Don Thompson · March 11, 2017 at 8:10 am

Paul,

Thanks again. We’re lucky you read all those books, blogs, and articles and share with us what you see as pertinent to quant investing.

Figure 3 intrigues me. Ignoring the obvious dropoff of P/B since 1999, the last 10 years also shows that Ebitda/EV is slightly more significant than P/E. While WOWS and others suggest sticking with a strategy over the long haul, having data and computers readily available opens the door for all of us to monitor the effectiveness of factors over rolling periods and to tweak our quants accordingly.

Any plans to monitor all the factors you use and then apply weighting to each? For example, we might be better off giving a little more weight to Ebitda/EV than to P/E in a value composite. Any interest in analyzing this and developing unequally weighted value composites that change every year based on the prior various rolling periods? Could fit into that new business you are thinking about.

    paul.novell@gmail.com · March 15, 2017 at 6:26 am

    In general, non equal weighting of the factors opens things up to unnecessary complications. Not worth it in my opinion.
    The only thing I may look at is timing factors by where we are in the economic cycle.

    Paul

Don Thompson · March 11, 2017 at 8:48 am

Paul,

I might be missing something. In your chart of 3 quants titled, “Is using P/B still worth it” you show Utils w/ Qual. What is the Qual? I only show rank on VC2, sector=util, and yield>0. Is the yield >0 the quality factor?

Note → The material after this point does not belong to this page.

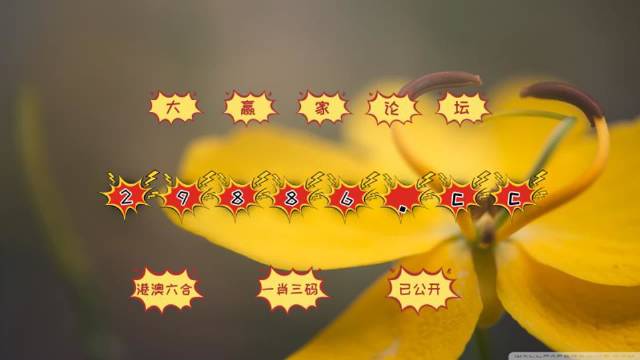 494949澳码今晚开什么123,探索澳码世界，今晚494949将揭晓何种神秘数字？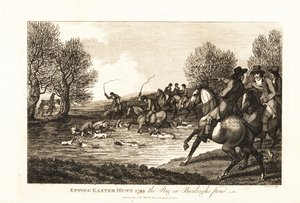 Shjortsjägare och hundar som jagar en kalvhjort i Epping Easter Hunt av English School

    paul.novell@gmail.com · March 15, 2017 at 6:24 am

    No. I tried to add a debt change quality filter. But it doesn’t have to be. Several quality indicators work about the same.

    Paul

Tony · March 12, 2017 at 8:47 am

Hi Paul,

I think when you wrote the post awhile back that discussed using a quality filter you were using it in the context of a value-only portfolio. It looks like you’ve started to use it for quant strategies that also include momentum now. Would be interested to see a post on which strategies you find the quality filter to be helpful.

    paul.novell@gmail.com · March 15, 2017 at 6:23 am

    I use quality everywhere I use value. So the only quant that doesn’t use quality is pure momentum.

    Paul

      Tony · March 15, 2017 at 6:59 pm

      Thanks for clarifying that. Going back and looking at the post where you discuss this (for those interested: https://investingforaliving.us/2014/10/03/improving-the-performance-of-quant-value-portfolios/ ) you say, “I rank stocks by percentage debt change (net debt change in $$$ divided by total debt) and only keep the top 3 deciles (least change in debt) of stocks (30%).”

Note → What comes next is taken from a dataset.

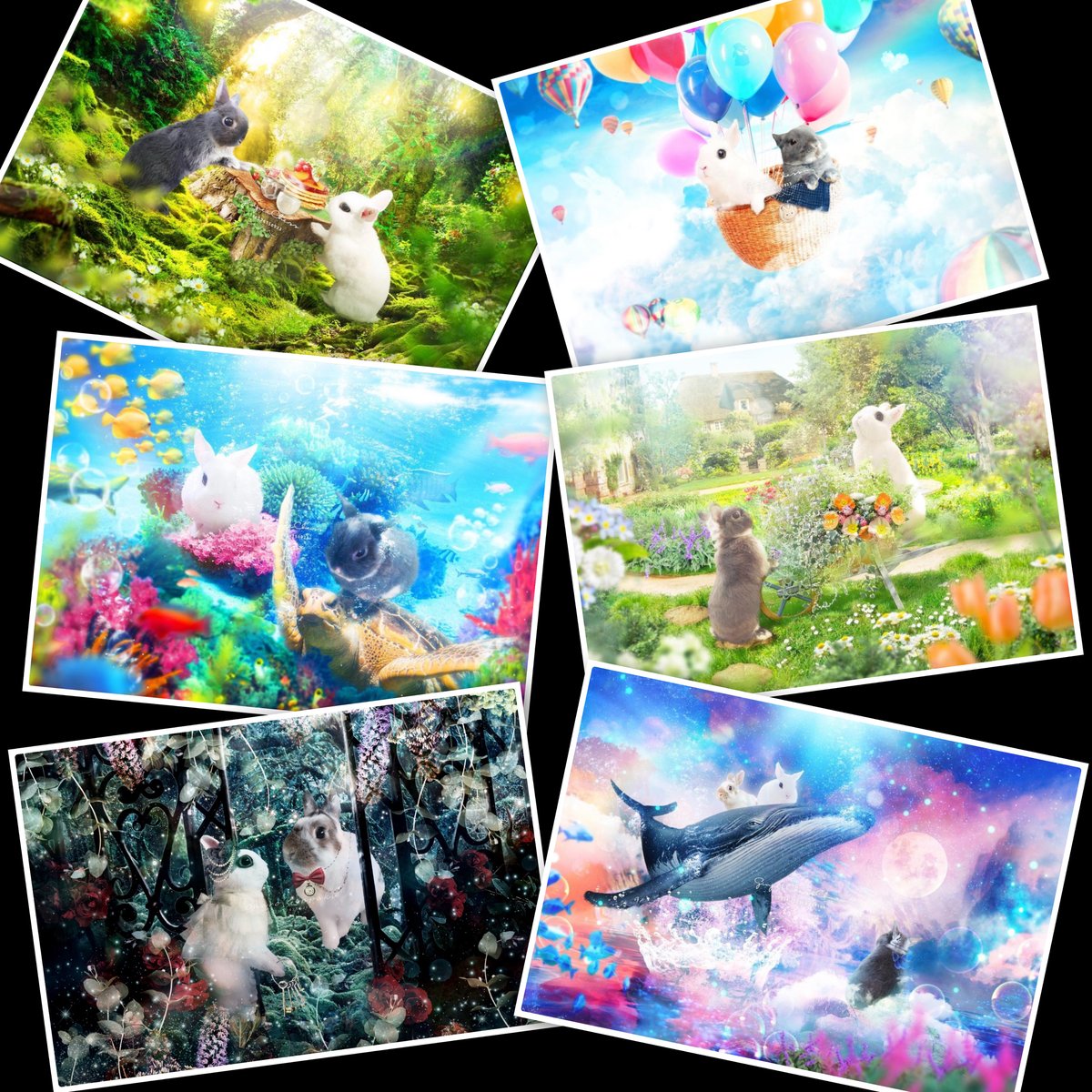 Charity items】オリジナルポストカード | ラビラビ商事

      Just to be sure I am understanding this correctly, are you running this quality filter in conjunction with the other universe-limiting parameters? For example, with the TV2 portfolio, limit the universe to U.S. stocks, $250M+ market cap, no OTC, and then take top 30% of those by smallest debt change. Then follow up by ranking based on VC2, and finally momentum. Is that right?

        paul.novell@gmail.com · March 20, 2017 at 6:14 am

        Pretty much. I run it as a rule instead as a specific reduced universe but effectively that’s the same thing.